Most voices of moderation and reason either get cannibalized by their own party in primary contests or sniped away by the opposing party. Has there been another point in modern history where there has been such a solid line of separation between America’s major political parties? How else do we describe such a hateful atmosphere where emotionally populist voters punish moderation and compromise while rewarding and celebrating performative partisan entrenchment?
Worse, both parties have adopted coercive visions that would use the federal government to impose their worldview upon the nation. Whatever comes out of this year’s election, there will be no victory for “live and let live” limited government or a moderate approach to navigating the significant differences in opinion and proposed policy held by a dramatically diverse populace.
A Serious Catalyst
There is little doubt to those honestly evaluating the current president that he has been a major catalyst for the degradation of our republic’s standing, the segmenting of America’s population into angry camps, and the growing sense of pessimism and nihilism in how Americans view their government. To honest observers, there are few merits on the president’s record alone for electing him to a second term, and scantly more for supporting any politician that has enabled him.
Unfortunately, neither Donald Trump nor his enablers exist in a vacuum, and it would be a consequential violation of prudence to ignore the realities of our political moment.
There Are No Adults in the Room
As I have written before, the Democrats have been the worst possible opposition to the rise of Trumpism. Not only have they continually refused to recognize their own part in building a federal government unmoored from founding principles and in feeding the flames that allowed Trumpism to rise, but they have so perfectly played the heel in President Trump’s political kayfabe that they are perhaps his most valuable asset in shoring up the support of the average Republican voter.
Trump never had a pivot, and neither will the Democrats. If given a historic mandate with the full rein of the federal government, we can easily assume they will continue to act as they have. And, judging by the chameleon-like campaigns of both Biden and Harris, the White House will simply become a rubber stamp for a progressive Congressional agenda.
The Republican Party’s sins under Trump, and even before Trump, are varied and many. There is going to have to be a lot of changes before Americans should ever trust them with unified government again. But the present state of the GOP doesn’t make the Democrats the adults in the room nor does it mean their control of the federal government would constitute a return to normal.
We Can’t Afford a Blowhard President or a Unified Activist Government
Neither party has a healthy vision for the future of our republic. Neither party has demonstrated more than a pittance of restraint, prudence, or even common decency.
Neither party, considered on their own merits, should be trusted with unified government. And, unified government under either party as they currently stand, would be disastrous for the health of our republic and would only serve as yet another catalyst in the ongoing dysfunction and decay of American society.

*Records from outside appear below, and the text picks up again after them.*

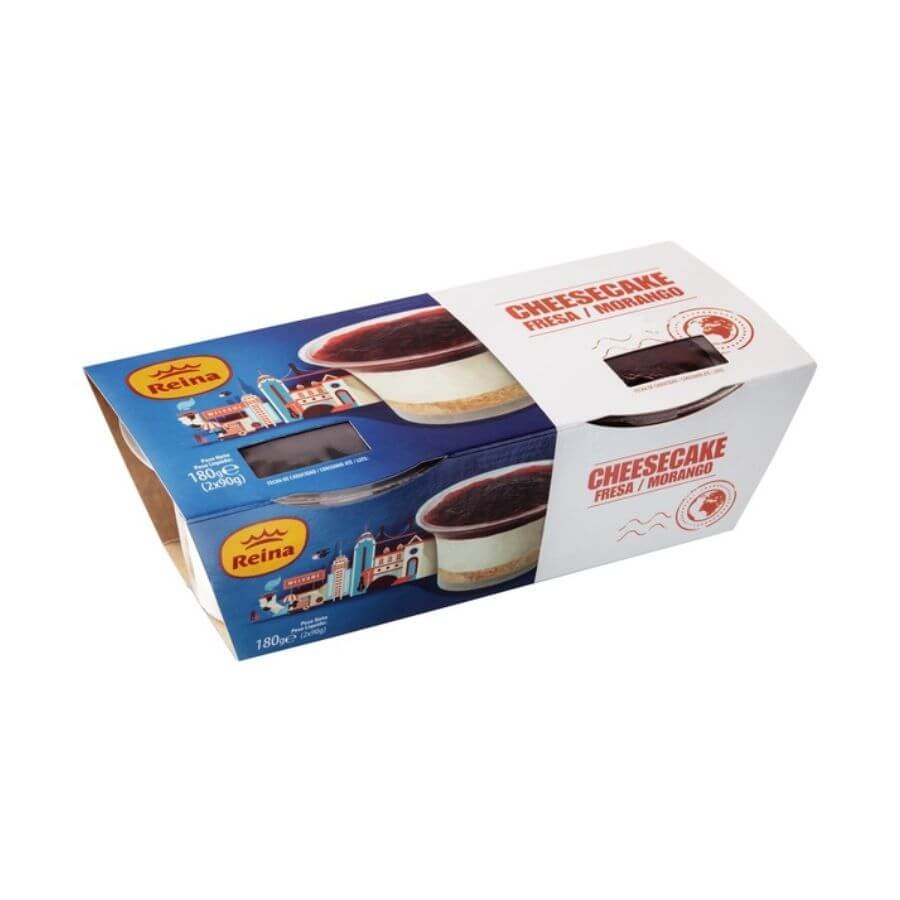 CHEESE CAKE MORANGO 2X90G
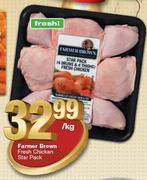 Farmer Brown Fresh Chicken Star Pack-Per Kg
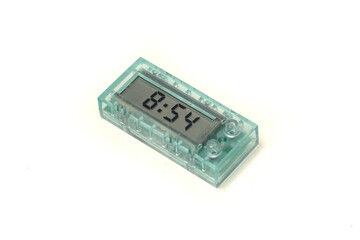 digital speedometer clock isolated on white background, spare part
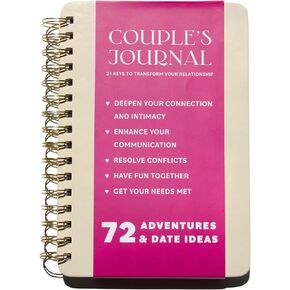 Couples Journal: 21 Ways to Grow Your Love, Relationship & Marriage, Therapy Workbook, 72 Date Night Activities, Improve Couple Communication & Adventure, Anniversary Engagement & Wedding Gifts in Saudi Arabia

There is a lot of work to be done to fix our broken political institutions and reassert healthy dialogue in our political deliberations. But for cooler heads to prevail, the anxieties of our nation must be dampened to more manageable levels.
We cannot accomplish this if Donald Trump is re-elected or if Democrats gain unified control of the federal government. If the next four years is to be a time of rebuilding and renewal, then we can neither afford a blowhard president in the headlines every day nor a progressive activist government acting as a bellows on conservative fears.
Divided We Stand
The only possible path out of the populist nightmare America finds itself in is one that first maintains divided government. Yes, this means that center-right voters should vote for Biden, vote third-party, or leave that portion of the ballot blank. Donald Trump evokes too much hysteria, both for and against him, for a second term to be a healthy development for this country. He has to go.
But this also means that Republicans must maintain their majority in the Senate. All but the truest Trumpists should be retained until the next go-around.
The indignation against Republicans who consented to Trump’s leadership should not be forgotten. If they don’t clean up their act and return to principled representation, there should be a reckoning in future primaries when they can be replaced by those who champion a vision that represents center-right values. To engage in such reckoning now would be self-defeating to our values because we would be electing those who are hostile to them.
There is a growing center-right coalition that is beginning to chart a post-Trump course for conservatism. This development offers a lot of hope for a return to founding principles and a restoration of healthy function to our republic.
But before we can embark on that great quest, we must first demonstrate we can rise above the anger and emotion that has so animated our wayward conservative brothers and sisters.
If the same center-right voters who hope to lead conservatism from the clutches of emotion and anger grant a historic mandate to a unified Democratic government out of their own sense of emotional indignation, they will have no less stewardship of a principled future than anyone else in this angry, back-biting mob we still ostensibly call a nation.